Patch tests in patients with oral lichen planus usually reveal positive results in a majority of patients. Sensitivity to mercury and gold is often positive in one-half of the cases.  Avoidance of these clinically relevant sensitizers results in amelioration of disease. Dyslipidemia is more common in patients with lichen planus.

 


Histopathology


 





Microscopic features:  Orthokeratoic hyperkeratosis, wedge shaped hypergranulosis and saw-tooth appearance of the epidermis.

Effacement of the dermoepidermal junction by band-like mononuclear inflammatory cell infiltrate.

Hydropic degeneration of basal cells; Colloid body formation; Pigment incontinence.


Despite its different clinical manifestations, the histopathology of LP is fairly uniform and is the most useful investigation to confirm a diagnosis of LP.  The primary features are hyperkeratosis without parakeratosis, focal increases in the granular cell layer, irregular acanthosis with a “sawtooth” appearance, liquefactive degeneration of the basal cell layer, and a band-like lymphocytic infiltrate at the dermal–epidermal junction. A focal increase in thickness of the granular layer and infiltrate corresponds to the presence of Wickham's striae. Degenerating basal epidermal cells are transformed into colloid bodies (also referred to as Civatte, hyaline or cytoid bodies), which appear singly or in clumps and are usually present in the lower levels of the epidermis and the superficial dermis. Vacuolar changes within the basal cell layer may become confluent and result in small separations between the epidermis and the dermis (called “Max-Joseph spaces”). There is often incontinence of pigment with multiple dermal melanophages.

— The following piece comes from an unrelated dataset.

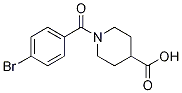 1-(4-溴苯甲酰基)-4-哌啶甲酸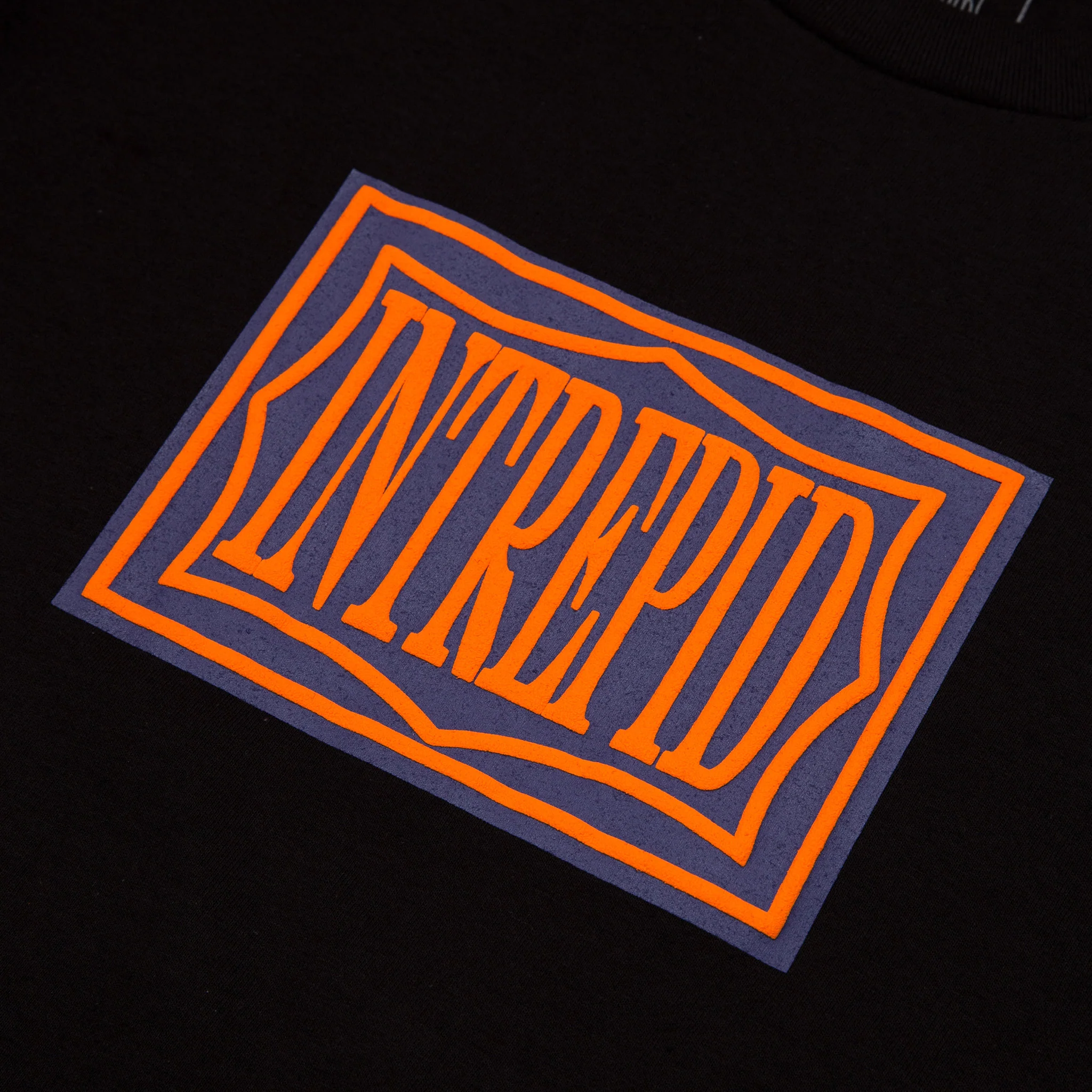 INTREPID New York The Infamous Logo T-Shirt (Black) - Image 3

The histopathology of oral LP is similar to that of cutaneous lichen planus, although saw tooth rete ridges are rarely seen in oral biopsies. Oral LP lesions often show parakeratosis rather than hyperkeratosis, and the epidermis frequently becomes atrophic.

Lesions of lichen planopilaris are characterized by an inflammatory cell infiltrate around the hair follicles even at an early stage. Most of the inflammation involves the upper half of the follicle, with the isthmus affected in one-third of patients. Destruction of the follicles represents a later stage.

In LP pemphigoides, a primary histologic feature of the bullous lesions is a subepidermal separation with an abundance of eosinophils (occasionally neutrophil-rich infiltrates), whereas the papular lesions have the usual features of LP. DIF microscopy of peribullous skin shows linear deposition of IgG and C3 along the dermal–epidermal junction, similar to BP.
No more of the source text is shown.